Sure, Romeo and Juliet were "star-crossed," but Shakespeare wasn't so easily fooled by the movements of heavenly bodies. While moons, suns, planets and starry configurations may seem to preside over our lives, Shakespeare challenged the practice of reading his fate from the stars in his fourteenth sonnet:
Not from the stars do I my judgment pluck,
And yet methinks I have astronomy;
But not to tell of good or evil luck,
Of plagues, of dearths, or seasons' quality
Rather than divining his wisdom from the stars, the narrator of the sonnet derives knowledge "from thine eyes," calling them "constant stars" that suggest to him truth and beauty.
As expressive elements of the natural world and symbols of constancy and immortality--the eternally unchanging, the mysteriously absent--the stars and moon and other heavenly bodies have long captured the imaginations of poets. The was especially immortalized in many Romantic poems, including Percy Bysshe Shelley’s fragment "To the Moon," where he imagines the moon’s steadiness has become lonely, "like a joyless eye / That finds no object worth its constancy." In John Keats’s poem "Bright Star," he wishes for the star’s immortality instead of his own frail body:
Bright star! would I were steadfast as thou art--
Not in lone splendour hung aloft the night.

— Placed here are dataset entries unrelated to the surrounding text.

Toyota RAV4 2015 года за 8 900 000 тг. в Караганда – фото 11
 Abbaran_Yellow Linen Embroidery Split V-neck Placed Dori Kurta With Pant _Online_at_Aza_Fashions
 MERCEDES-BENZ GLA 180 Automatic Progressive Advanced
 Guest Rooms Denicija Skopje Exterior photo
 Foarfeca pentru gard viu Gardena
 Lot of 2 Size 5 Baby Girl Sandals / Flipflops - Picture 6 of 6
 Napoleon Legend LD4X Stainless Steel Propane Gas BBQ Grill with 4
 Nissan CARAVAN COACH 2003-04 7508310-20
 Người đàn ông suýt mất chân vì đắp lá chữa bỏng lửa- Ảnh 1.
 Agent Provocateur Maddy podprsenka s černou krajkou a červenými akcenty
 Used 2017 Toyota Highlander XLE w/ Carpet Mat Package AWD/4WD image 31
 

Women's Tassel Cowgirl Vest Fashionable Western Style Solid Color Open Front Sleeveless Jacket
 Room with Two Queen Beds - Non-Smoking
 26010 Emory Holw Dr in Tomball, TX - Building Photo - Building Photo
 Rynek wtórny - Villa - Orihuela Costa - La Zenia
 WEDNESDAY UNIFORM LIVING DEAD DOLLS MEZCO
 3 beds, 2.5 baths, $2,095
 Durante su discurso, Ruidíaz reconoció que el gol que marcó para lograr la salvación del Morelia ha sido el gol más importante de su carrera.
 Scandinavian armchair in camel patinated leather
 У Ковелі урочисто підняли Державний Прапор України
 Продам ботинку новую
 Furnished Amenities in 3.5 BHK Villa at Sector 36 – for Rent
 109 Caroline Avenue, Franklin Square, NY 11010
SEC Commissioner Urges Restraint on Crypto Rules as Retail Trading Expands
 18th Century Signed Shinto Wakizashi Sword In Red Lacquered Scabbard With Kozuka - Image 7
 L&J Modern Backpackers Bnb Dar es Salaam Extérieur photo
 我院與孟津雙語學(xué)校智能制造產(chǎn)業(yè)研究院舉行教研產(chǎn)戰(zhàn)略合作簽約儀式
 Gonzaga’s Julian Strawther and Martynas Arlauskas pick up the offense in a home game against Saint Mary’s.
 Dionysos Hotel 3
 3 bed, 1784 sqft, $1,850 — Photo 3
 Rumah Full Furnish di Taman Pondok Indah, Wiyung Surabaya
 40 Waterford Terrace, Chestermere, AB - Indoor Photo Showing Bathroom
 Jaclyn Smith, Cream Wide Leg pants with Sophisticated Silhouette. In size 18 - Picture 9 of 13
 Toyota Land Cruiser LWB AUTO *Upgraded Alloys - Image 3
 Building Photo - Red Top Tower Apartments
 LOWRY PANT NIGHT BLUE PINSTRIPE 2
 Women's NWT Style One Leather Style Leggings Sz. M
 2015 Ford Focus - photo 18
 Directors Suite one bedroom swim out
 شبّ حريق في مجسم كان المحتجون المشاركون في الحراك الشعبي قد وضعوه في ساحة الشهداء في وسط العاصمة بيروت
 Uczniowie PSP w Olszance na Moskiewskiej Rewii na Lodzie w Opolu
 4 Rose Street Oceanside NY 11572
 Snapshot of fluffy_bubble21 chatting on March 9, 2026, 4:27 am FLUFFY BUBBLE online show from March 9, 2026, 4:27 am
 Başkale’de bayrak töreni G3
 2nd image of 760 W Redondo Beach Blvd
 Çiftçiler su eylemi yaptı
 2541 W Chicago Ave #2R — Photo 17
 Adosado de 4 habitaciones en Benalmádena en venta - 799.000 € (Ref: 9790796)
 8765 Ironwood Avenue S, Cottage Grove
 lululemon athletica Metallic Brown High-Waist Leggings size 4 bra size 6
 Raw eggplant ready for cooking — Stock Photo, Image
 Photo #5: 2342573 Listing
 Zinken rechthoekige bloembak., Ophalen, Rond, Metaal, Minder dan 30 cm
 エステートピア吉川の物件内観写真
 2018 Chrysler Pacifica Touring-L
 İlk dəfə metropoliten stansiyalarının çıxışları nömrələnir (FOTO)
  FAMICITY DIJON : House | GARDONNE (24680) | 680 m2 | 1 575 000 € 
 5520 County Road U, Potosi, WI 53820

W. H. Auden compares his undying love with the constancy of the universe, imagining in "As I Walked Out One Night" that as long as the stars do not fall from the sky, he will love his lover. William Butler Yeats, on the other hand, in his poem "Adam's Curse," calls into question the constancy of the moon, an early gesture towards Modernism. Yeats imagines the loss of love, writing:
And in the trembling blue-green of the sky
A moon, worn as if it had been a shell
Washed by time's waters as they rose and fell
About the stars and broke in days and years.
With a flick of the pen, Yeats transformed the solid body of the moon to nothing more than a shell worn away by time. It is not just his own love that he is questioning, but the nature of romantic love in the modern world. He finishes the poem, writing:
I strove
To love you in the old high way of love;
That it had all seemed happy, and yet we'd grown
As weary-hearted as that hollow moon.
Nothing is as it seems, Yeats is saying, and romantic love is no longer possible. Even the rhymes miss each other slightly, sounding as hollow as he imagines the moon to be. Amiri Baraka creates a similar gesture with stars in his poem "Preface to a Twenty Volume Suicide Note," where he imagines that even the stars have deserted him in his time of crisis:
And now, each night I count the stars.
And each night I get the same number.
And when they will not come to be counted,
I count the holes they leave.Nobody sings anymore.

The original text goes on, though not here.